Tue, 11/14/2017 - 7:00pm

    ROCKLAND – When it comes to stair measurements taken in rental accommodations, Rockland fire and code enforcers will soon follow the city’s building codes and use of educated judgment prior to seeking the federally-endorsed Life Safety standards.

    In a four to one vote, City Council members passed the ordinance Monday, Nov. 13, effectively telling agents of the city to keep the measuring tape at bay.

    “This is an attempt to try and keep to the Life Safety Code, with sort of a look the other way if it’s close,” Council member Valli Geiger said. “It is about giving the code enforcement officer the ability to weigh in on the safety and effectiveness of a Maine staircase in a historic structure and whether we can allow that to stay.”

    Geiger said: “We have many people in the city who are in pain at the thought of ripping out a historic mahogany staircase because it’s one inch off.”

    Councilor Ed Glaser, who also voted for the measure, reminded council that codes are amended often, and this one can be amended as well if it doesn’t work. He said that even the Life Safety standards, which he stated to be based on the best, most up-to-date sciences, aren’t immune to change.

    Yet Geiger went a step further, weighing the Safety Code versus the needs of Rockland, which, Geiger said, includes 250 people currently on a waiting list for housing.

    “Is it better to be homeless,” she said, “then in a structure that is, in fact, like most structures in the city of Rockland? Because most people who own an existing home in Rockland do not have stairways that meet the code. And, I really struggle with their affordability with the changes that come every year with a code.”

    Councilor Adam Ackor voted against the measure despite initially being in favor of the idea.
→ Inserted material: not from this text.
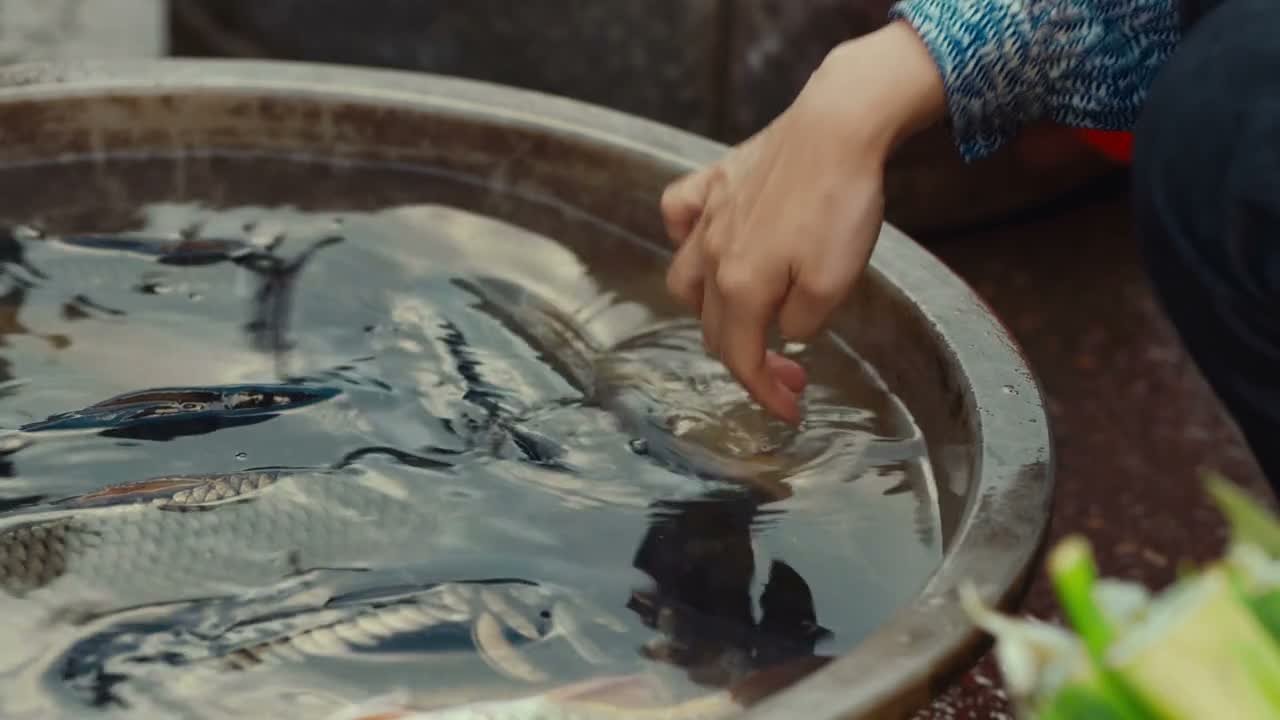 那咋都蔫儿蔫儿的呢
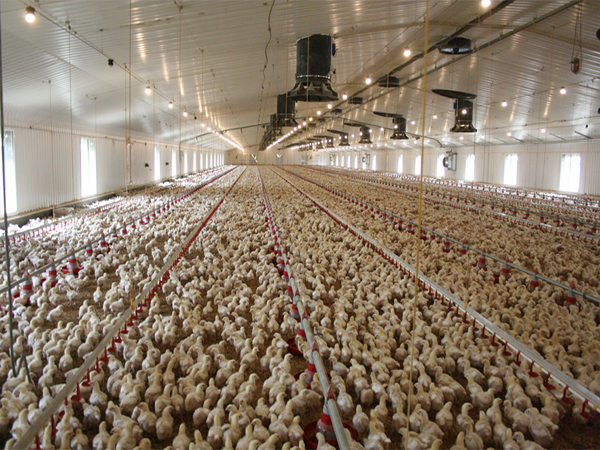 Prefabricated Poultry House Prefabricated Poultry House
    Ackor said he was one of the people who helped to push the ordinance along, having seen instances of existing staircases that came very close to failing Life Safety measurements. Those stairwells, he said, would have been very cost-prohibited to rebuild. However, he’d taken to heart some of the arguments made by Berry Manor Inn owner Cheryl Michaelsen in terms of a lack in fairness between assessments of rentals and private dwellings.

    “I do think she has a valid point in terms of fairness,” he said.

    Private home owners, according to Michaelsen, also own old, historic structures with steep staircases.

    “If the council decides to vote to allow an apartment building owner to not have to meet the more stringent Life Safety Codes for egress stairs,” she said. “.....then Council should make it that all property owners get the same financial relief, the same subjective thresholds of reasonableness, and the same lack of inspection and measurement of egress stairs.”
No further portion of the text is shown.